Content starts
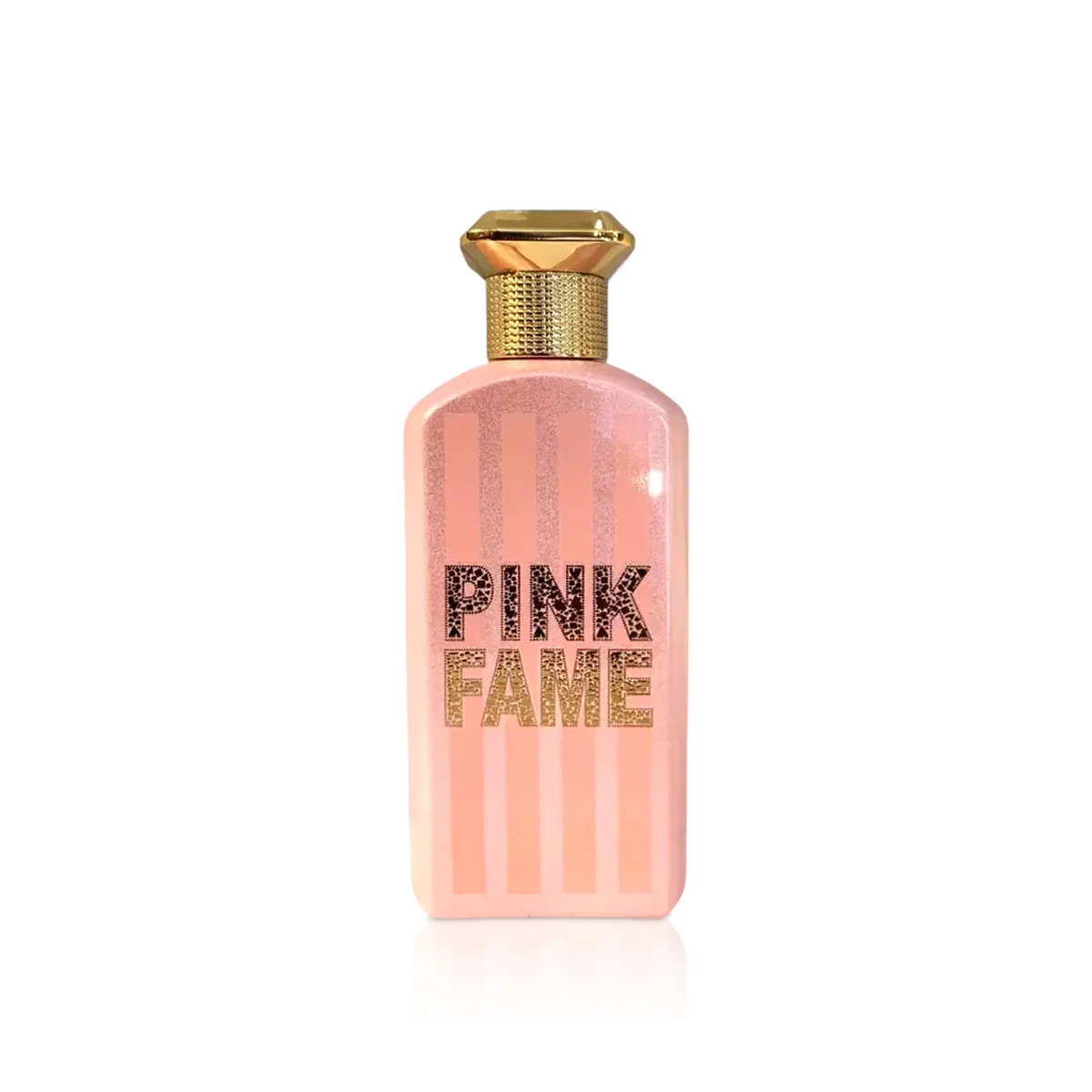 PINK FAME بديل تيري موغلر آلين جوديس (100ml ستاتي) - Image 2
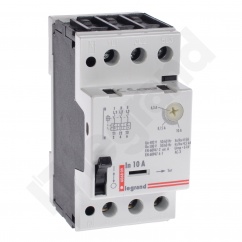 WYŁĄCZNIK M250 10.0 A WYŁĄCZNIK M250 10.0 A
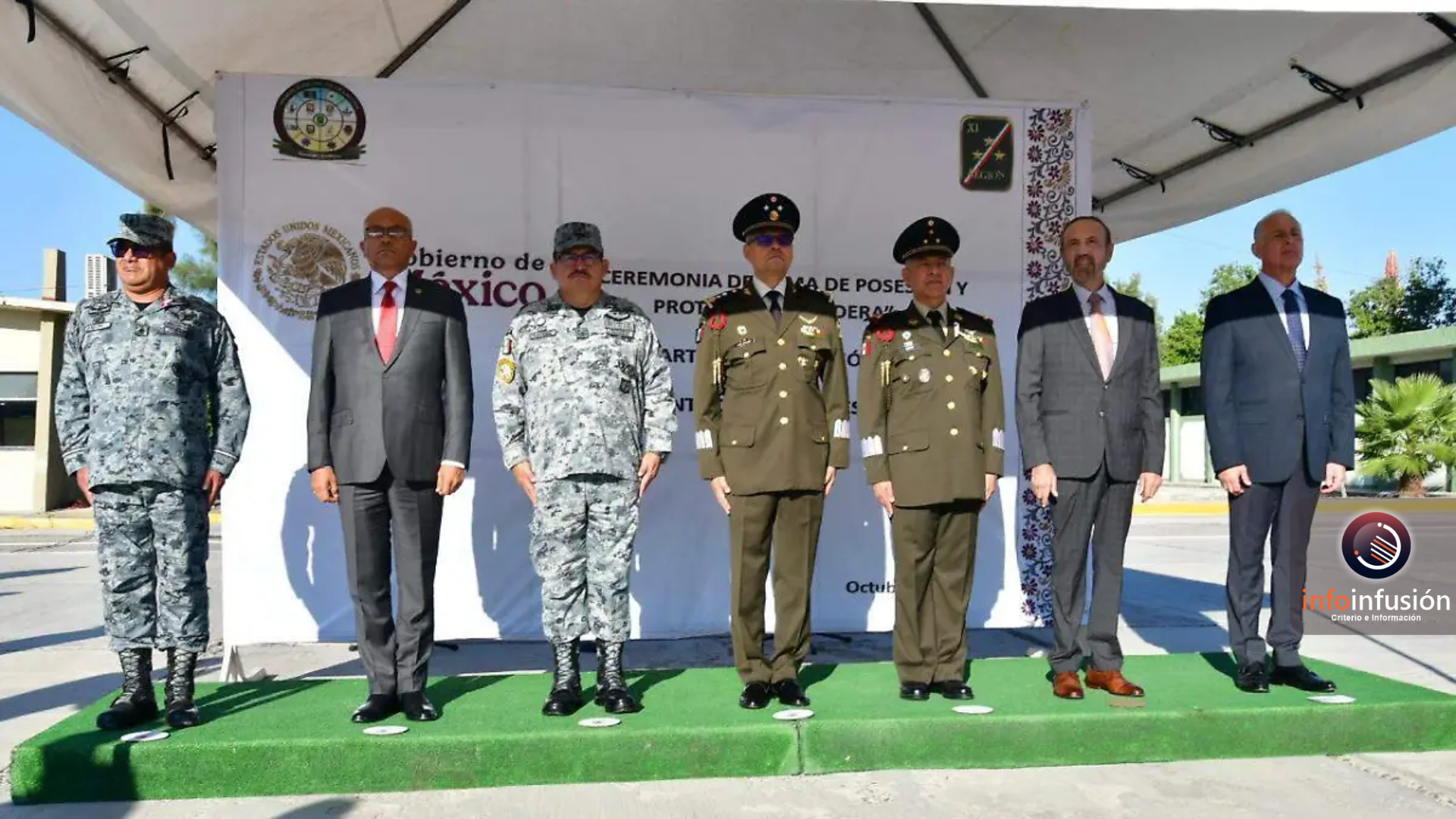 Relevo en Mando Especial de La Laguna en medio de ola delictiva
Content ends
Content starts
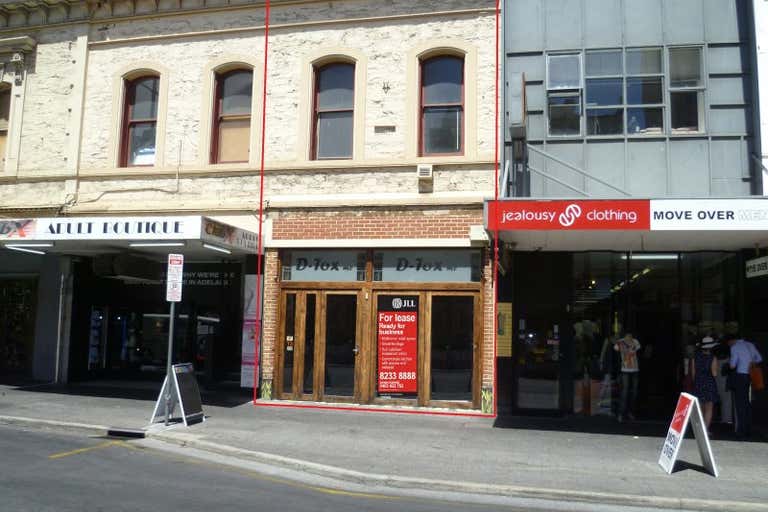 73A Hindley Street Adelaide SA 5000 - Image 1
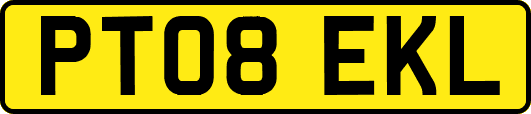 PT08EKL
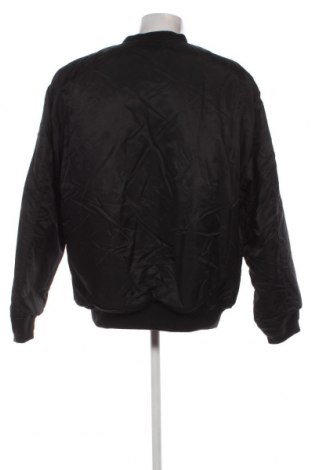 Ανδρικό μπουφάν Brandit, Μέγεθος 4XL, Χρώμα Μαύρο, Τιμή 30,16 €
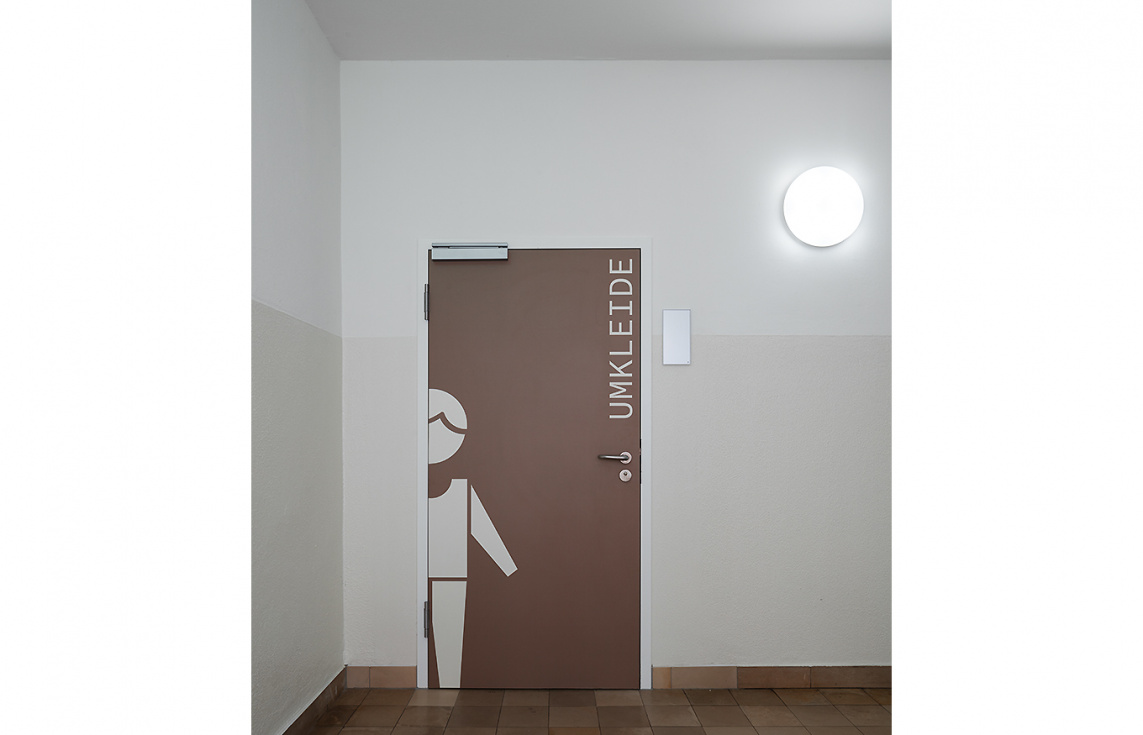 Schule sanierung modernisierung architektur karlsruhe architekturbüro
Content ends
Content starts
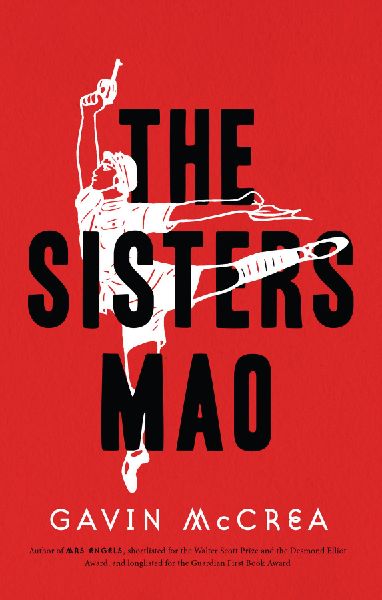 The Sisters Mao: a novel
Content ends
- Exercise aim -
Give exactly the lines above that run from the line with "WYŁĄCZNIK M250 10.0 A WYŁĄCZNIK M250 10.0 A" to the line with "Relevo en Mando", both included, leaving every picture out.

- Solution for this exercise -
 WYŁĄCZNIK M250 10.0 A WYŁĄCZNIK M250 10.0 A
 Relevo en Mando Especial de La Laguna en medio de ola delictiva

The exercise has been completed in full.